Problem: Currently information about tables we have in production are scattered (e.g. list of private tables) or non-existent (asking questions on "what is pif_edits table and what it's been doing in our production?"). This is also hindering our ability to automate more work (between-replicas comparison checks, over-arching drift tracking, etc. etc.).
Proposal: Introduce a file in puppet containing information on tables.

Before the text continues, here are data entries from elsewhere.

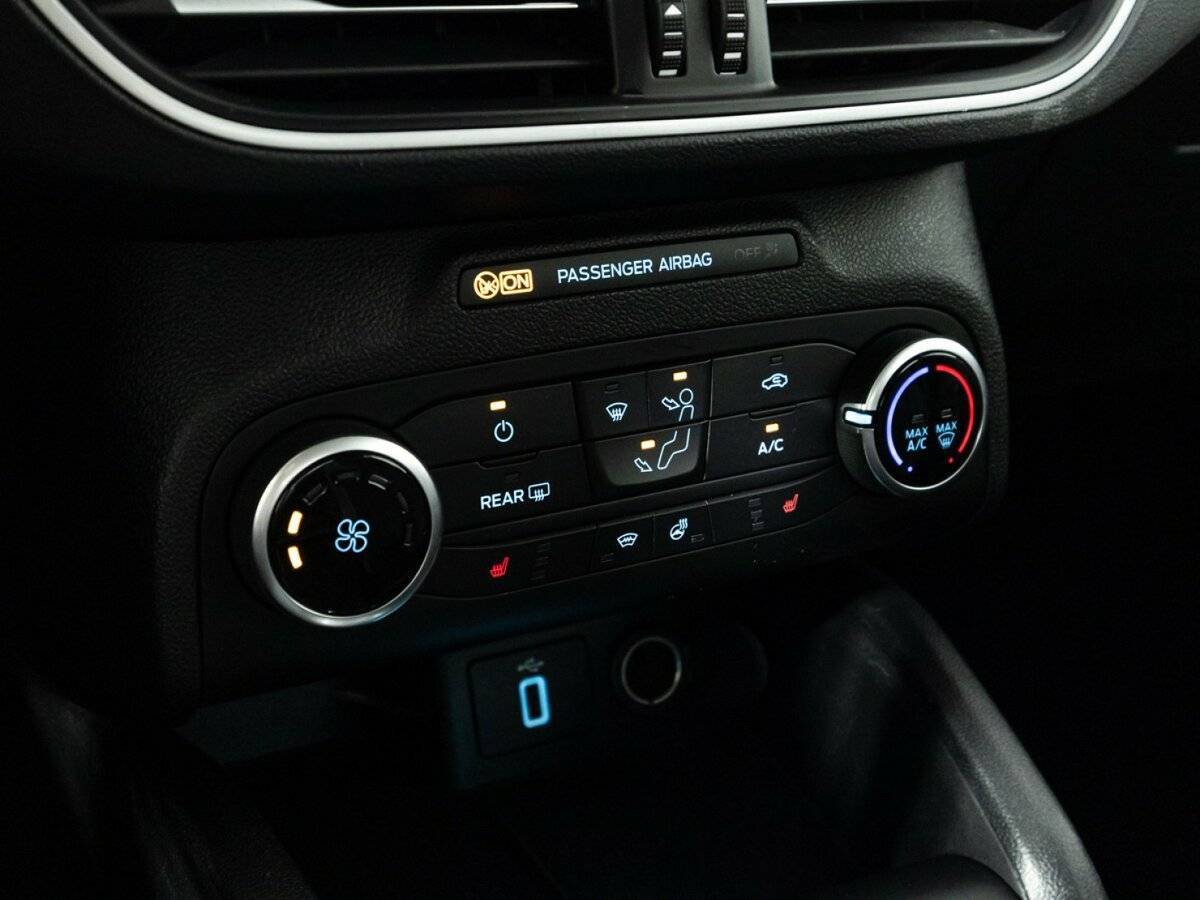 Купить Ford Focus с пробегом. Фото: #17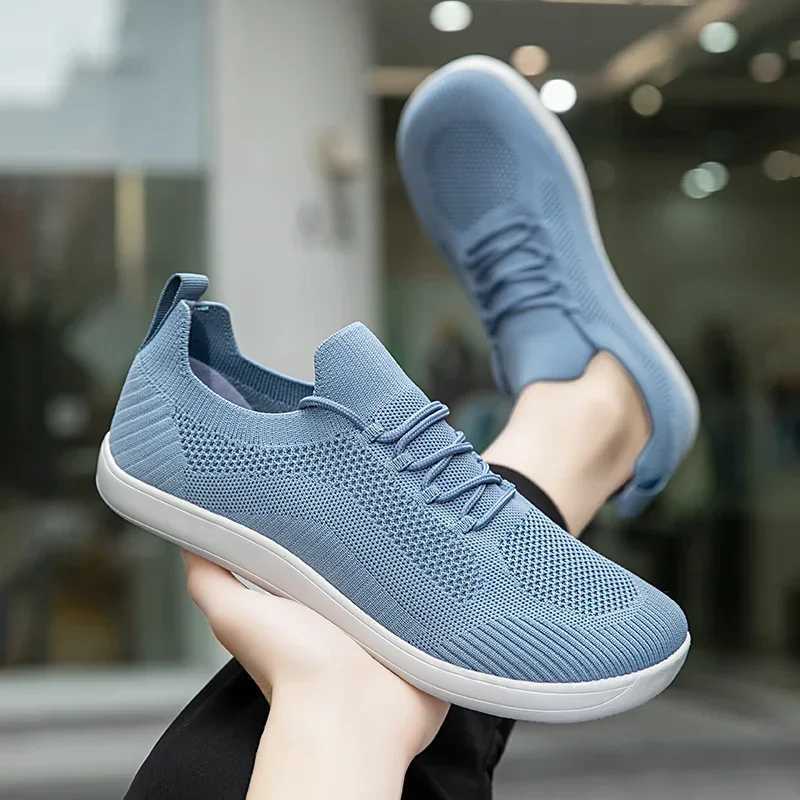 Summer Mens Mesh Shoes Comfortable Easy To Wear Lightweight Breathable Casual Shoes Lace Up Design Versatile Outdoor Men Shoes W250613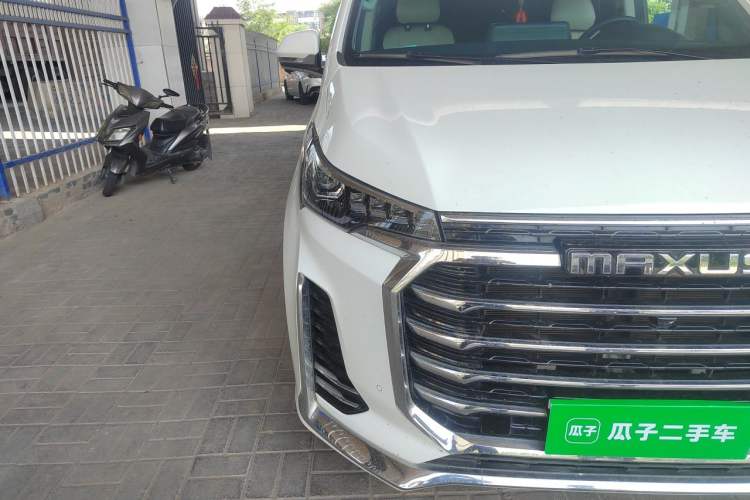 Used SAIC MAXUS G20 2021 PLUS 2.0T Gasoline Automatic Luxury Edition Right Front Headlight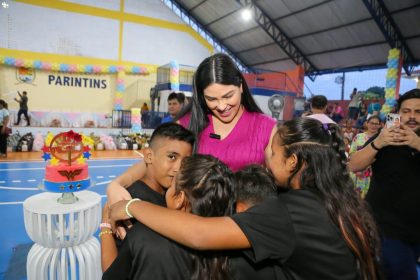 Deputada Mayra Dias propoe campanha para conscientizacao sobre depressao infantojuvenil FOTO AGUILAR ABECASSIS 1024x683 1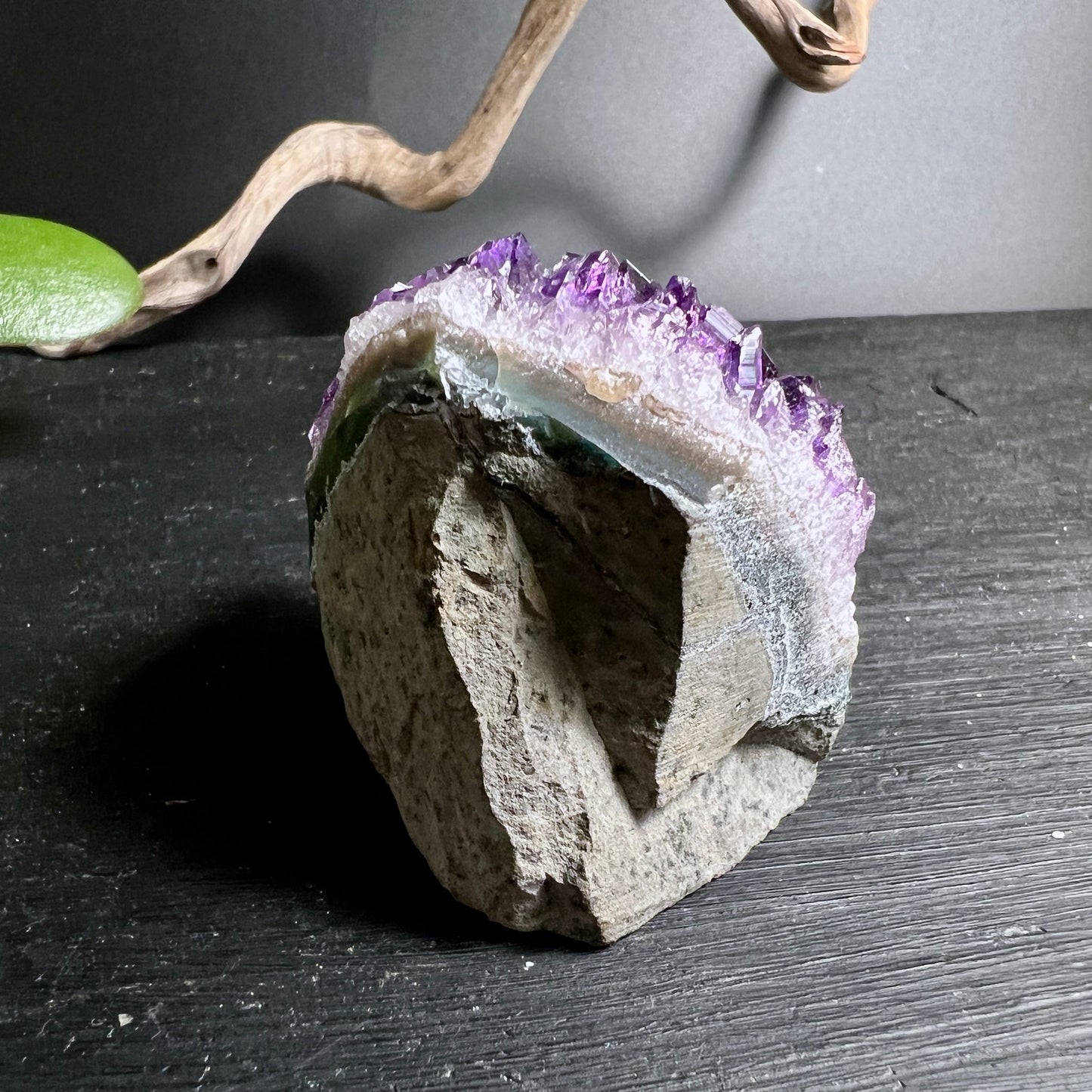 Amethyst Hoehle Uruguay | Kristallhoehle innen | violette Spitzen | rohe Druse | Geode natur | Happy Minerals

Something like this:
version: 1 tables: - name: abuse_filter source: abusefilter canonicality: canonical visibility: partially public - name: urlshortcodes sections: - x1 dbs: - wikishared source: urlshortener canonicality: canonical visibility: public - name: flaggedtemplates dblist: flaggedrevs.dblist status: dropped canonicality: partially canonical visibility: public sources: abusefilter: - path: extensions/AbuseFilter/db_patches/tables.json gerrit: https://gerrit.wikimedia.org/r/plugins/gitiles/mediawiki/extensions/AbuseFilter/+/refs/heads/master/db_patches/tables.json
Then this could become the foundation for many usecases and replacing ad-hoc table listings.
It also could be easily pull in to doc.wikimedia.org hosts and served in a more user-friendly way (search, filtering, all that jazz).
Notes:
- This will grow way too large, to avoid that:
- MediaWiki and non-MW tables should have their own catalogues. That way we can also start with mediawiki and then move forward with non-mw tables in a different dedicated file.
- We need a lot of defaults and if omitted, it means "the default". e.g. dblist = all, sections: s1-s8, db: wiki's db, status: active
- Part of reviewing and approving new tables should be adding the new table to the catalogue
Comments?